→ **Captioned web images**:
★ ★ ★ ★ ★
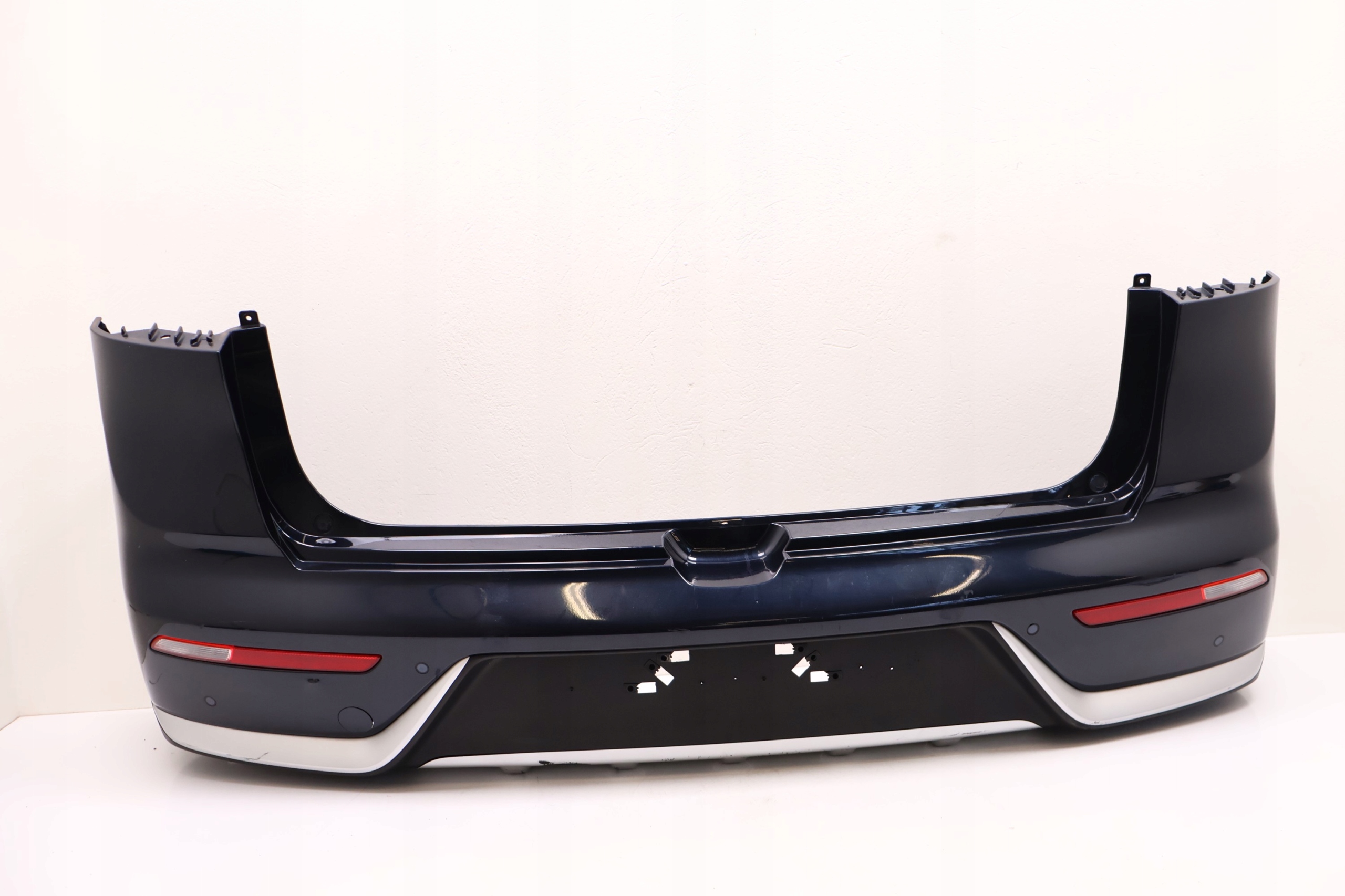 KIA NIRO I ZDERZAK TYŁ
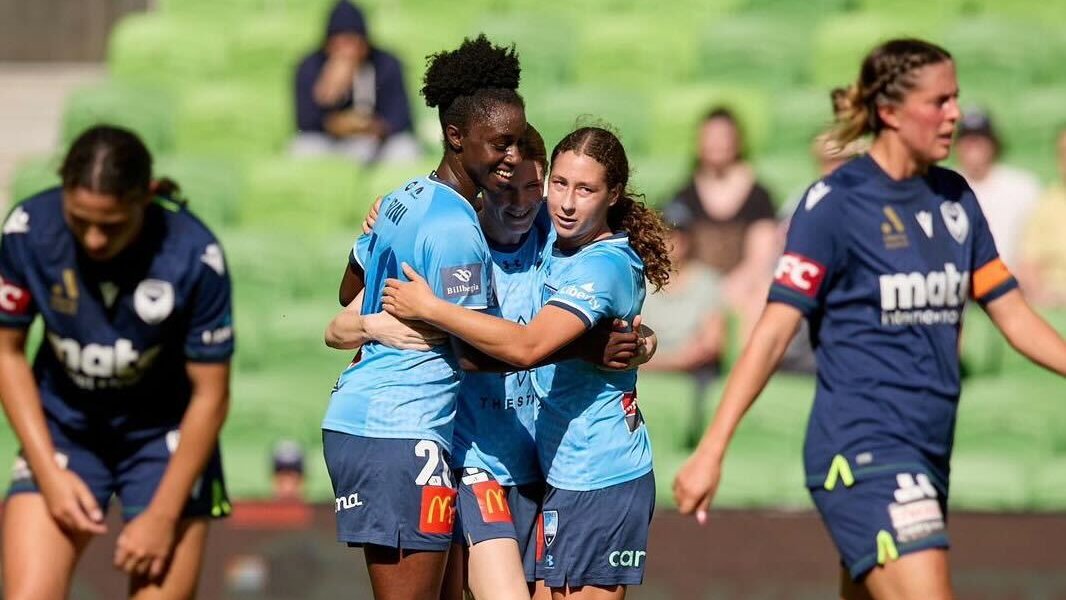 aleaguewomen's tweet photo. Six goals. Three points. #BigBlue bragging rights 👊

@SydneyFC had plenty of reasons to 𝘀𝗺𝗶𝗹𝗲 at AAMI Park yesterday 😁

Sydney make #BigBlue statement: https://t.co/2lr8JhJoGI

📸: @ByTheWhiteLine https://t.co/yjFvs4XlXs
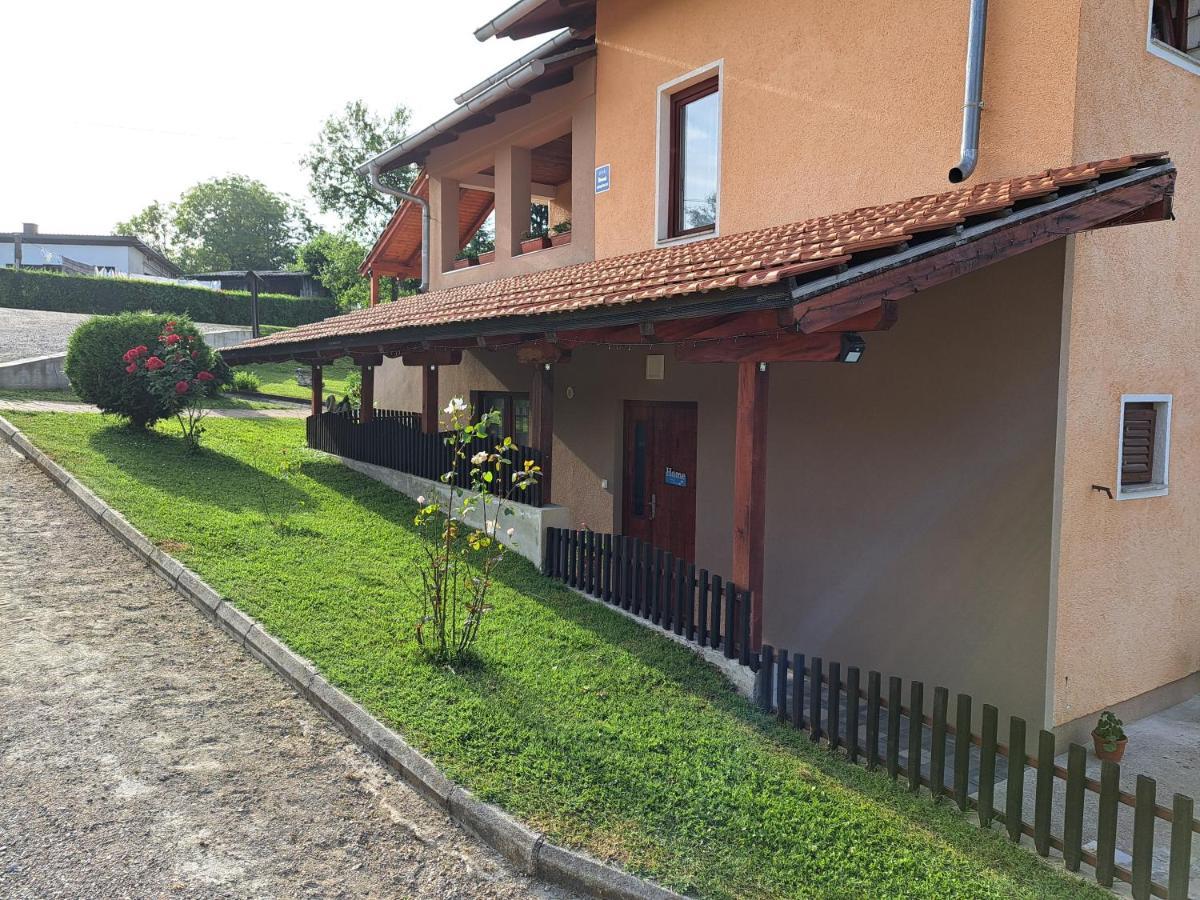 Apartman Morana สลูน ภายนอก รูปภาพ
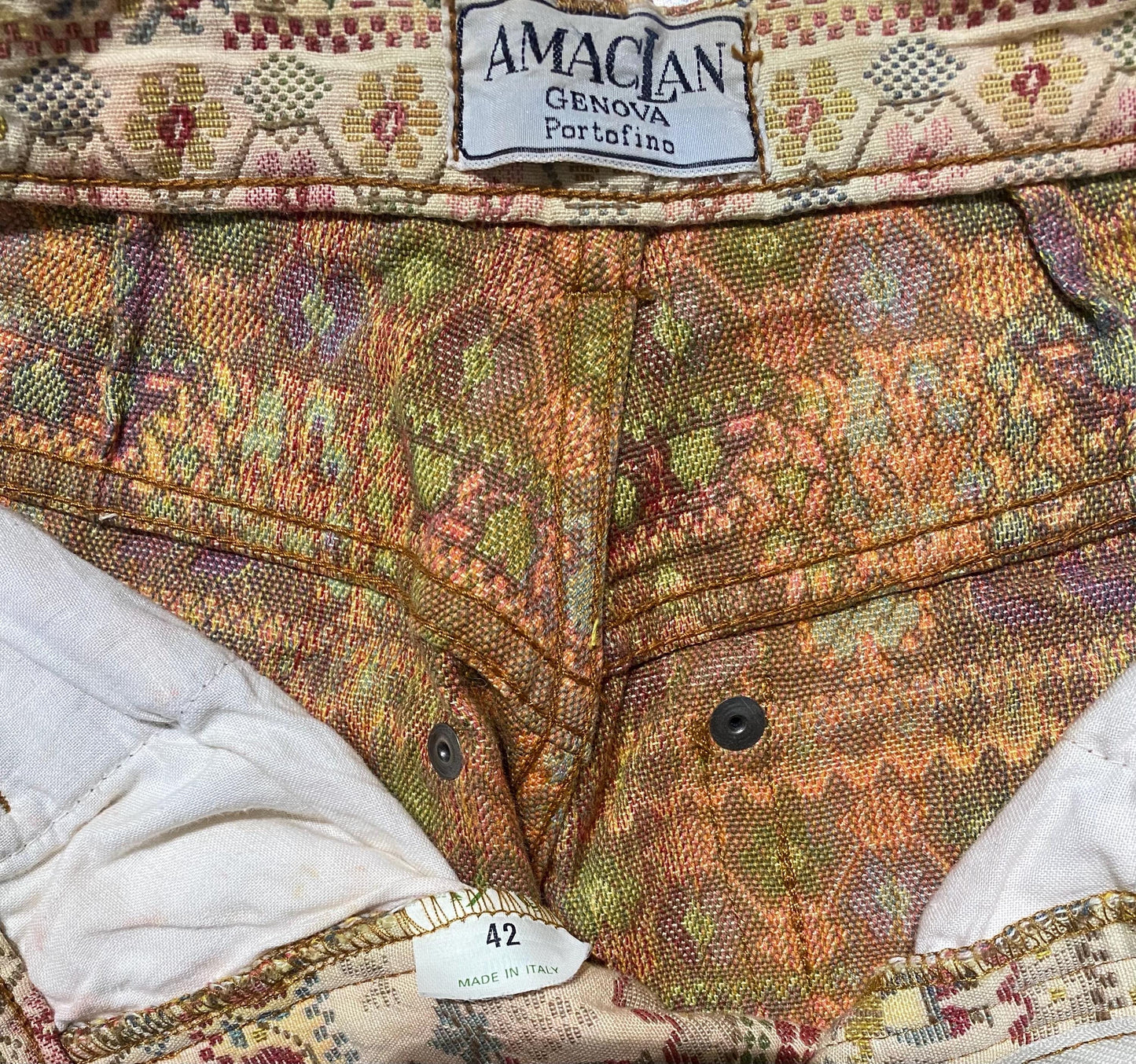 Amaclan Portofino gorgeous beige jacquard trousers w farm Provence scenes allover, mint sz S ladies
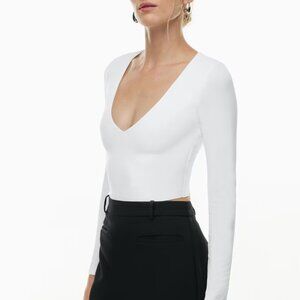 Aritiza Babaton Contour V-Neck Longsleeve Body-hugging V-neck Longsleeve White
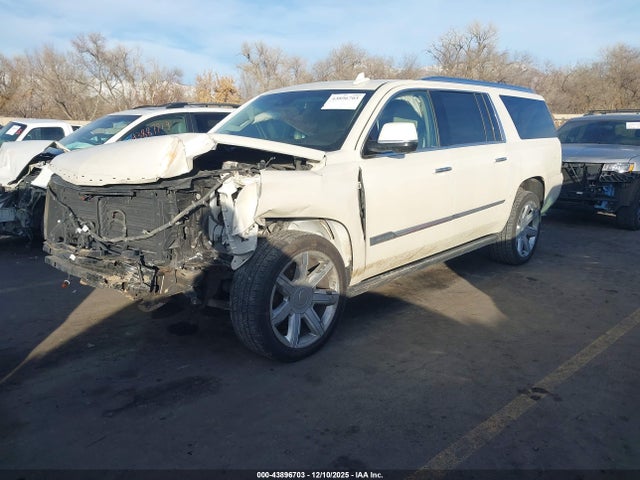 2015 CADILLAC ESCALADE ESV 1GYS4TKJ8FR637186 Photo 1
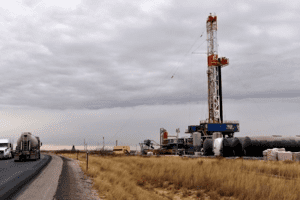 Giá xăng dầu hôm nay 15/5: Chưa có dấu hiệu hồi phục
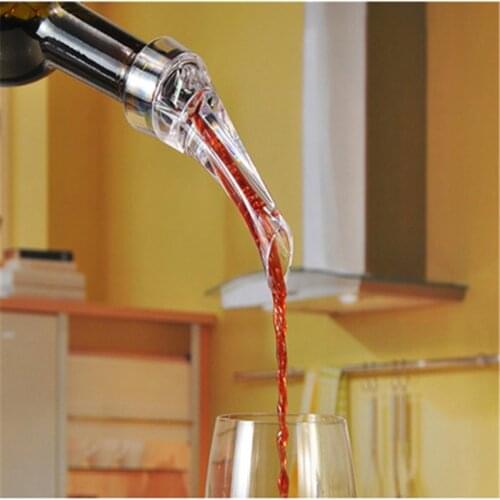 Magic Wine Decanter Red Wine Aerating Pourer Spout Decanter Wine Aerator Quick Aerating Pouring Tool Pump Portable Filter 201018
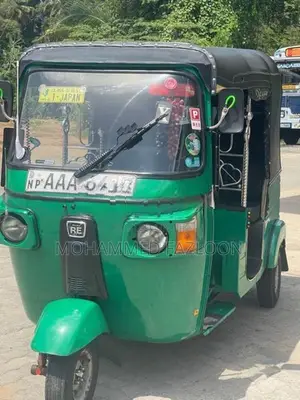 Bajaj RE 2012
★ ★ ★ ★ ★
Wherever the word "https" appears in the records above, copy that line.

Sydney make #BigBlue statement: https://t.co/2lr8JhJoGI
📸: @ByTheWhiteLine https://t.co/yjFvs4XlXs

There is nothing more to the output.